## WHAT IS EXPECTED
In the data below, set down exactly the lines from the one containing "냉해를 입습니다. #고구마재배" up to and including the one containing "Photograph by Aleš Maučec". Leave the pictures out.

(Beginning of DATASET CONTENT)

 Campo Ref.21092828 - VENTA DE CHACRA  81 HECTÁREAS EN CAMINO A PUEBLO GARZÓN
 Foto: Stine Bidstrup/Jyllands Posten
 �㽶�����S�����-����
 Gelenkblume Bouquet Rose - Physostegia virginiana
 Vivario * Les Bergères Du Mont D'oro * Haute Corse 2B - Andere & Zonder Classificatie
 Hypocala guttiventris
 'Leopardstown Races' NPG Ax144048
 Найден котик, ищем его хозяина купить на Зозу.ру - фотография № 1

(End of DATASET CONTENT)
(Beginning of DATASET CONTENT)

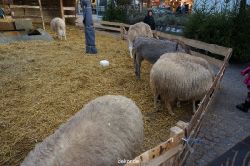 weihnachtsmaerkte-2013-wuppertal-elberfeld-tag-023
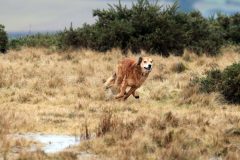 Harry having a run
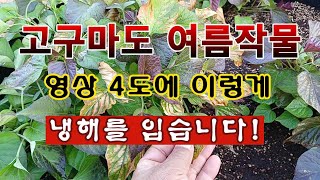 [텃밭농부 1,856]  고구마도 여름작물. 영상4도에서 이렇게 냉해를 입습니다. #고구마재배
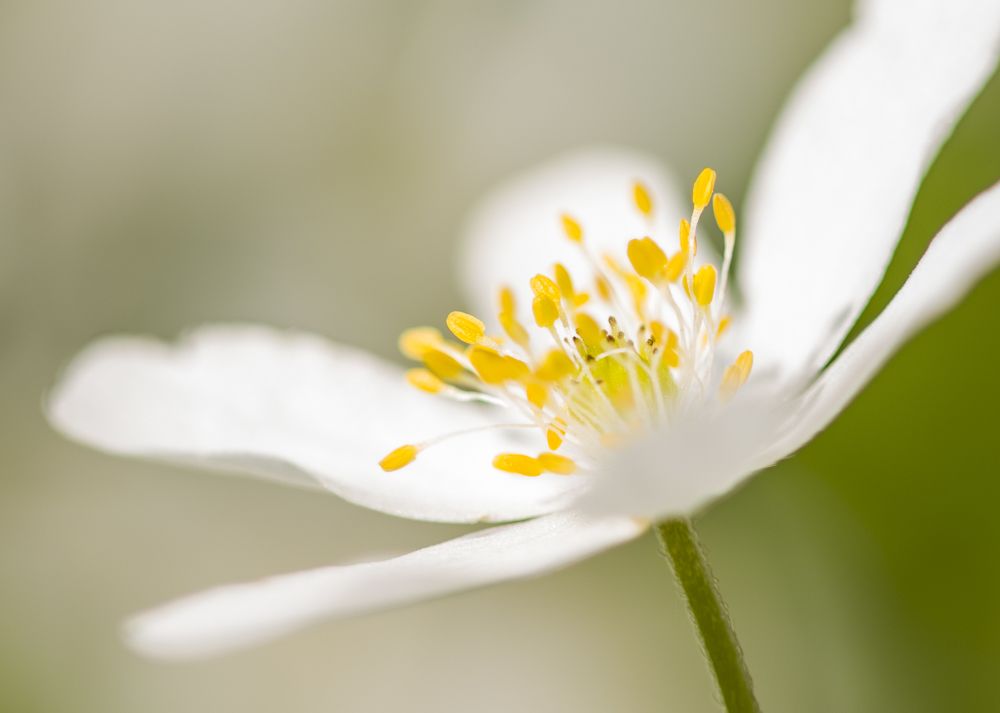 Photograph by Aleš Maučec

(End of DATASET CONTENT)

## ANSWER BOX
 [텃밭농부 1,856]  고구마도 여름작물. 영상4도에서 이렇게 냉해를 입습니다. #고구마재배
 Photograph by Aleš Maučec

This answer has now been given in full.